The offshore Malampaya field has reserves of 85 million barrels of oil and 2.7 trillion cubic feet of gas. Fuel from the field accounts for a third of the country’s electricity needs.
Speaking at the launch of the updated Philippine Energy Plan energy secretary Vincent Perez said, “We won’t reach 60% self-sufficiency if we don’t discover another Malampaya.”
“We are now accelerating oil and gas exploration that the Supreme Court has ruled on the [constitutionality of the] 1995 Mining Act.”
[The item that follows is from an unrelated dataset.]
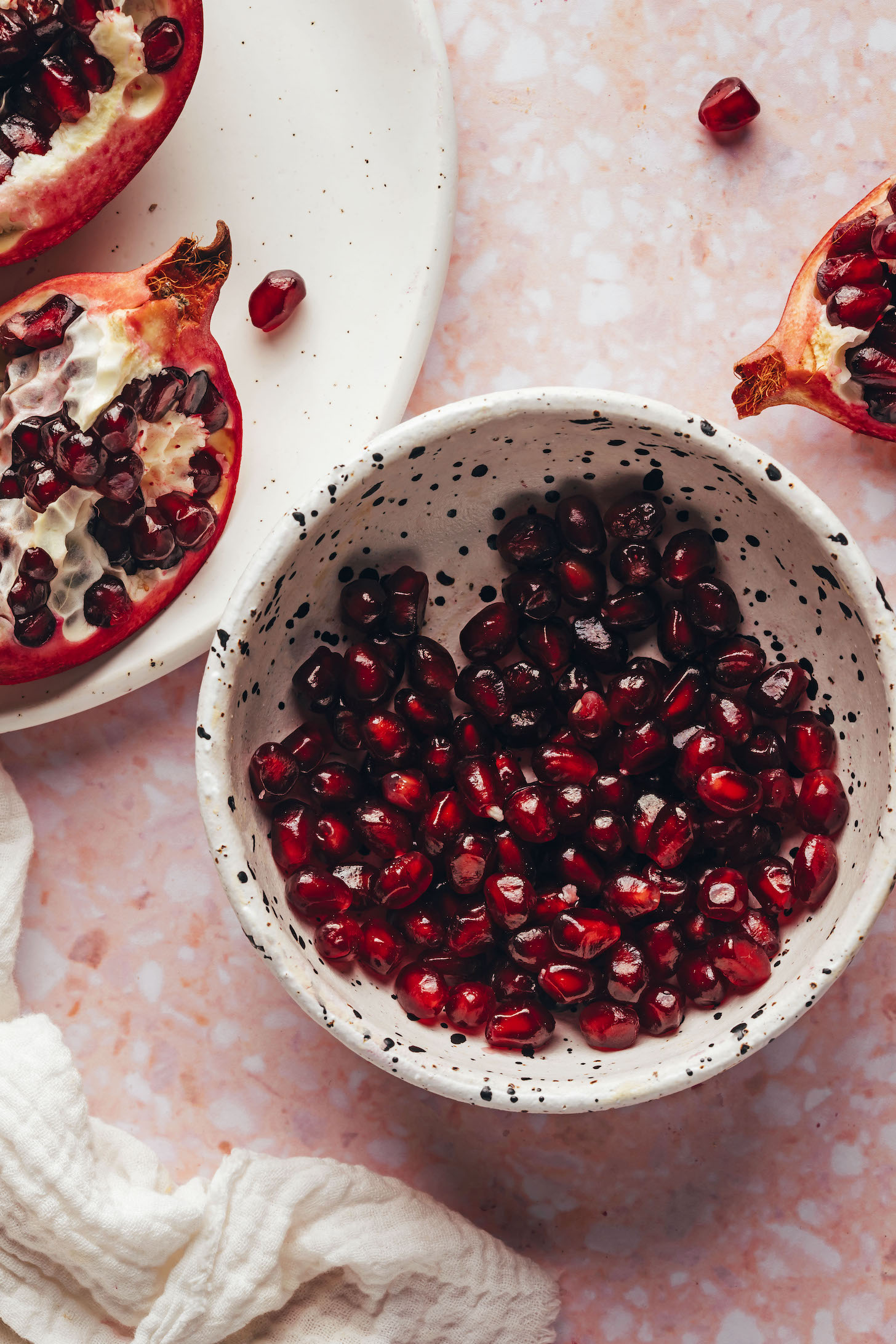 Opened pomegranate next to pomegranate for our tutorial on how to cut a pomegranate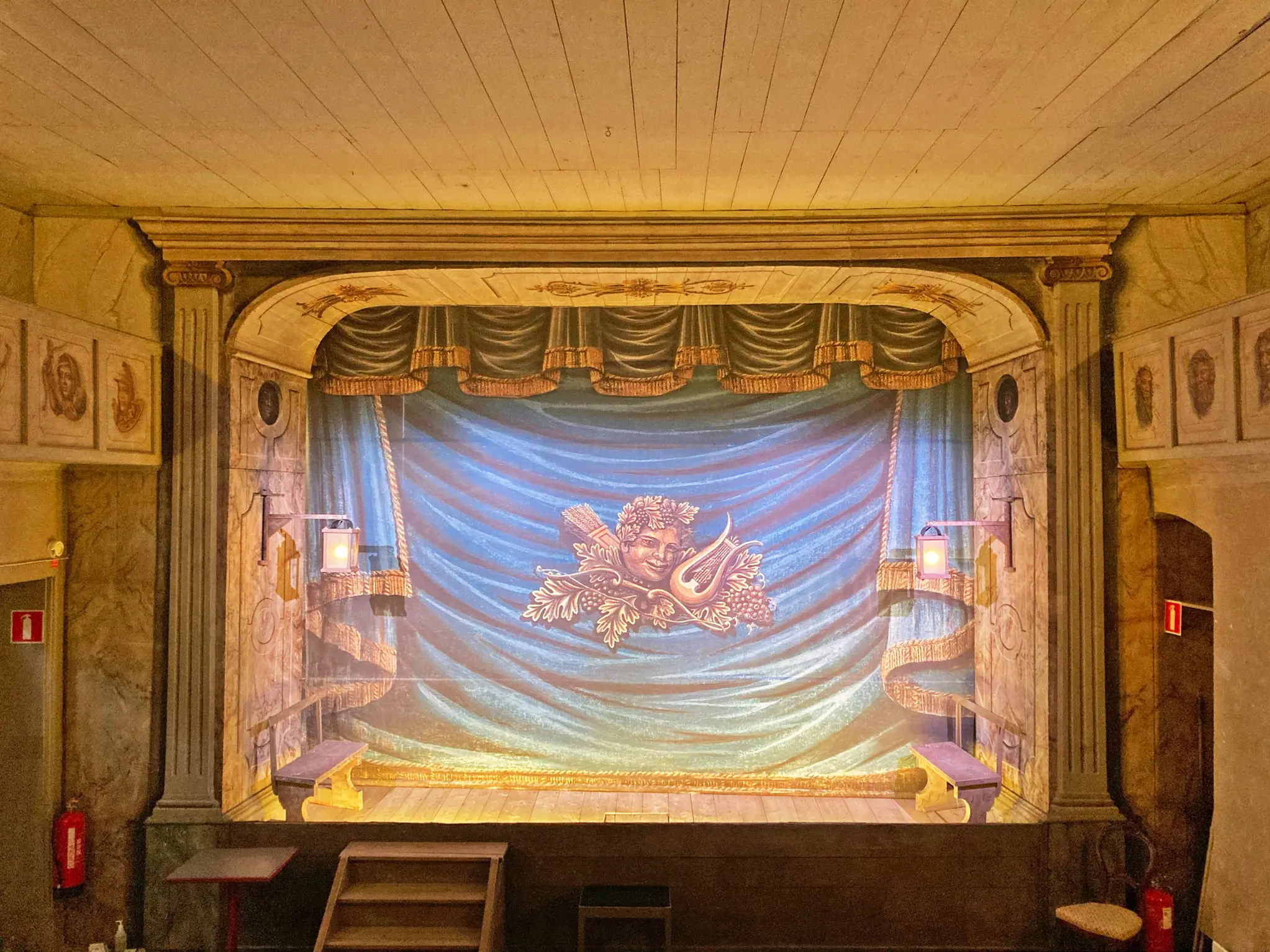 Vadstena gamla teater. Scenen med nedfälld ridå, som har målade draperingar och guldfransar.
Meanwhile, a report in the Manila Times daily indicated the Philippine government was holding talks with three companies to conduct E&P in Malampaya following the decision of Shell Philippines Exploration BV and ChevronTexaco Philippines to pull out of developing the field's oil reserves.
The two energy giants together own a 90% stake in the field (the balance is held by the state-owned PNOC Exploration Corp) and consider the oil reserves there too small to develop.
Perez said the government needed to find other ways of extracting oil from the field, according to the Inquirer new service.
“We’re not going to wait for them," Perez said.
"If they want [to develop the oil reserves] they better hurry. But if the consortium members are really not willing to develop [the reserves], then we’ll have to bring in somebody else to do it."
PNOC Exploration president Eduardo Mañalac said three Asian firms with no existing business in the Philippines were interested in helping develop the resserves. He hinted one of the firms was from an OPEC member, indicating it was Indonesian.
Mañalac said crude could be drawn from Malampaya “by the middle of next year” and said a new consortium composed of PNOC and one of the three interested Asian firms could do the work.